> Action item
Give the data again exactly as written, without any of its pictures.

> Data block

-------------------------

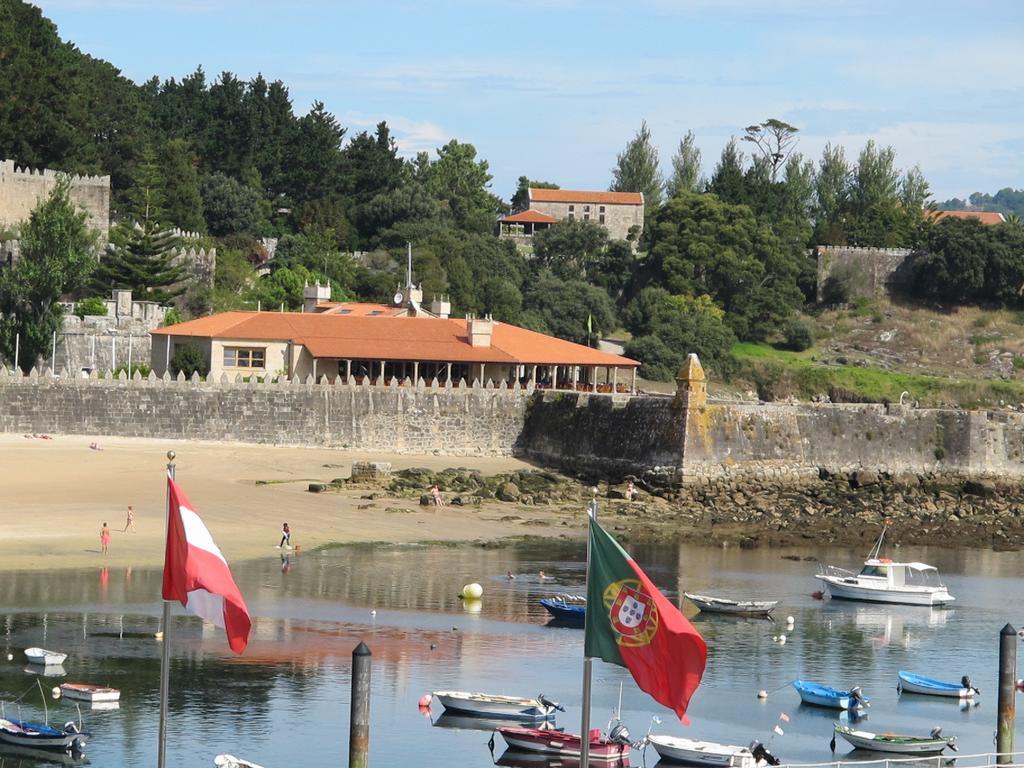 Pazo de Mendoza Hotel Baiona Kültér fotó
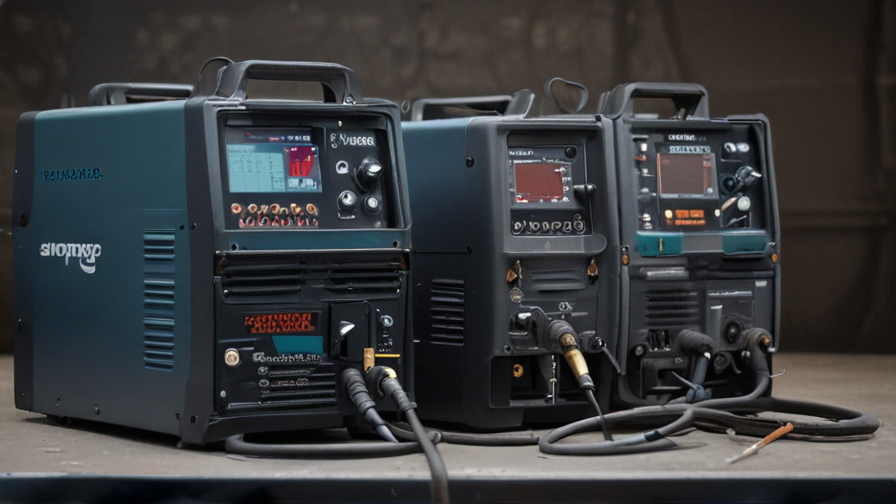 synergic mig welder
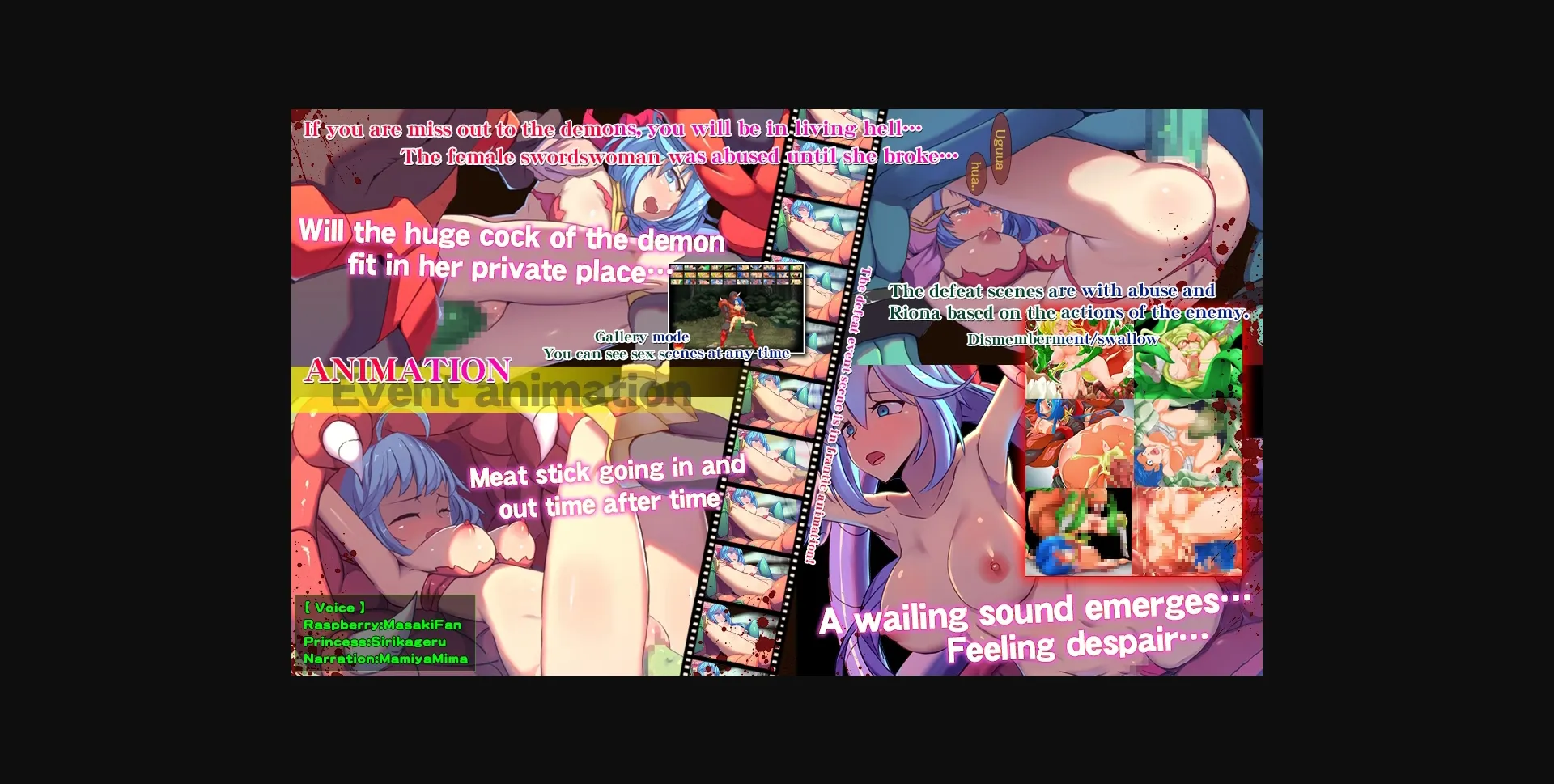 Others Completed Revenge Swordswoman Raspberry [Final] [Umanori Knights] | Free Adult Games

-------------------------

> Response box
 Pazo de Mendoza Hotel Baiona Kültér fotó
 synergic mig welder
 Others Completed Revenge Swordswoman Raspberry [Final] [Umanori Knights] | Free Adult Games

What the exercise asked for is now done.